-- DATASET RECORDS --
......

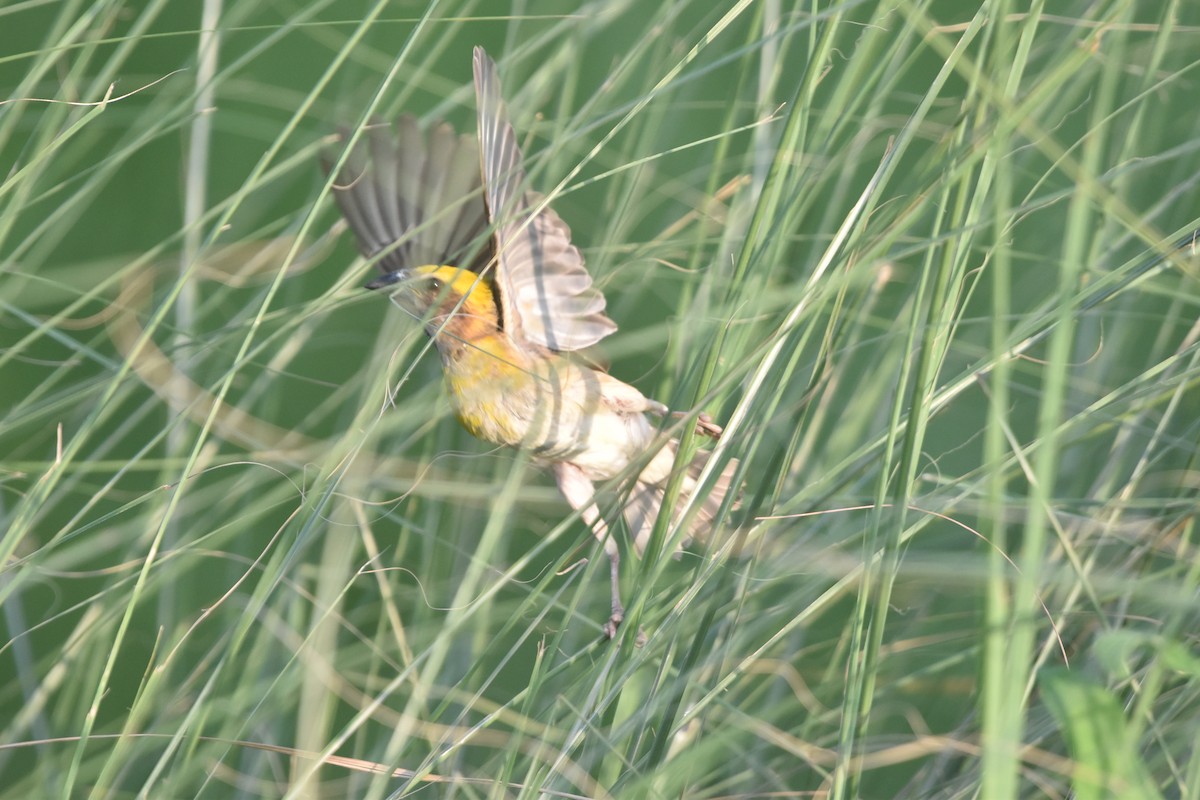 Baya Weaver - Gyanchandra Gyani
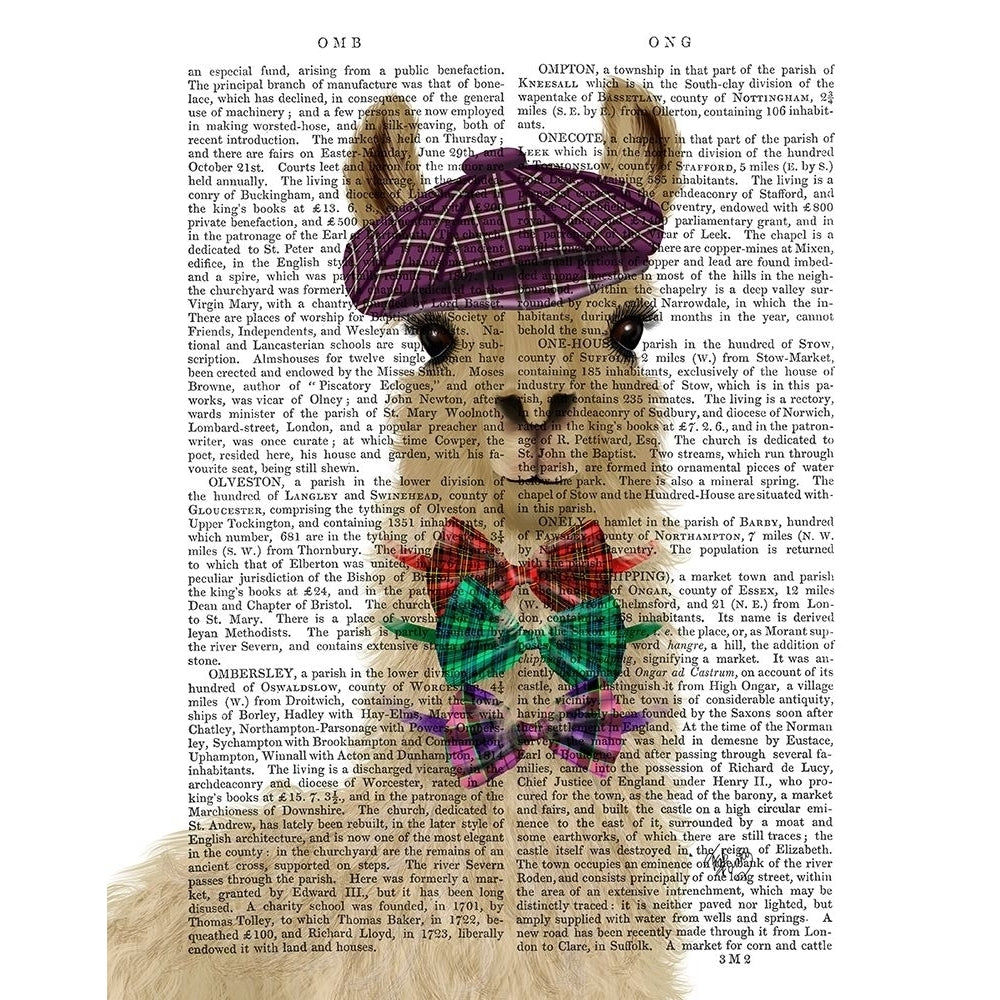 Llama Dapper Book Print Poster Print - Funky Fab-VARPDX193229D Image 1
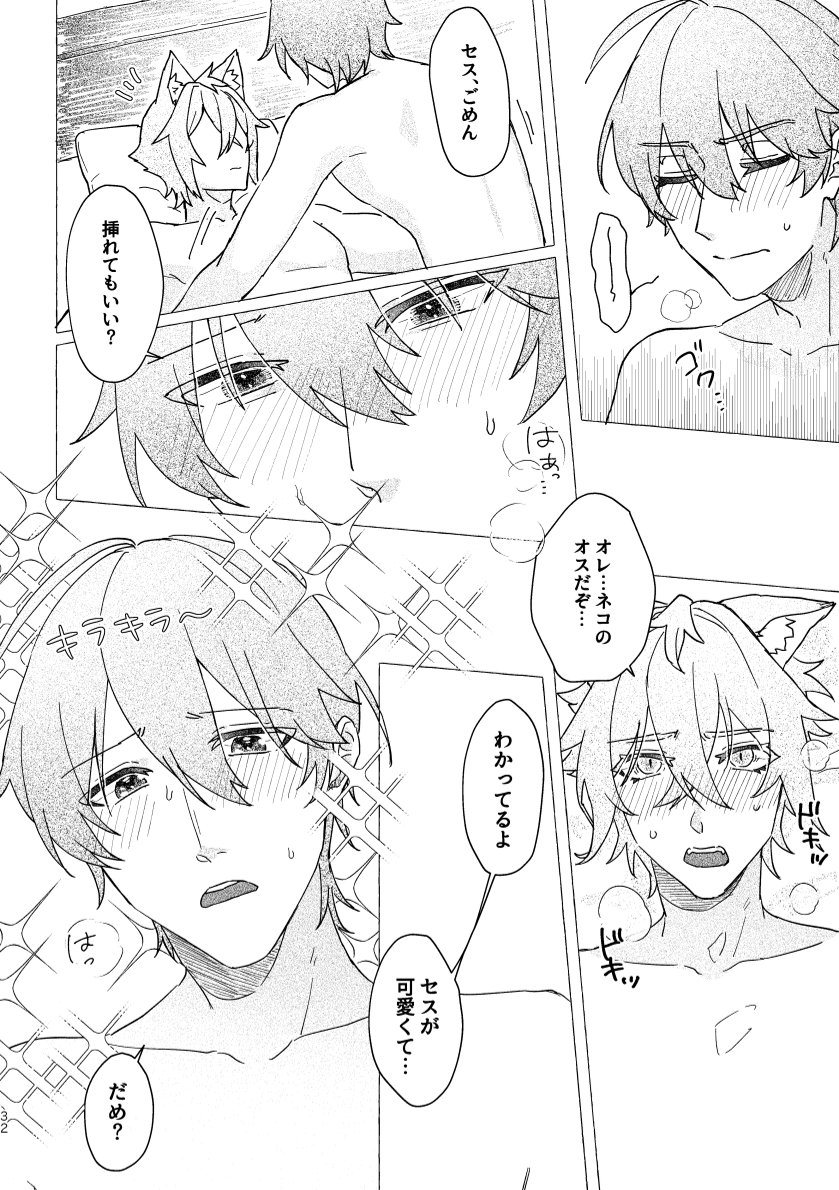 Seth no Neko Bubun, Okarishimasu - Page 32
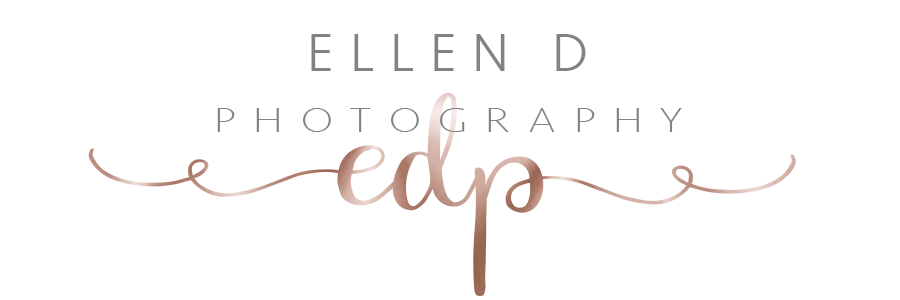 ellen d photography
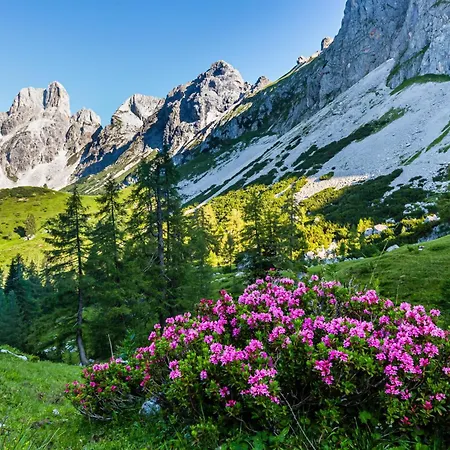 Pensjonat Gaestehaus Hochkoenig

......

-- PROBLEM TO WORK ON --
Leaving the images out, return every record exactly.

-- SOLUTION FOR THIS TASK --
 Baya Weaver - Gyanchandra Gyani
 Llama Dapper Book Print Poster Print - Funky Fab-VARPDX193229D Image 1
 Seth no Neko Bubun, Okarishimasu - Page 32
 ellen d photography
 Pensjonat Gaestehaus Hochkoenig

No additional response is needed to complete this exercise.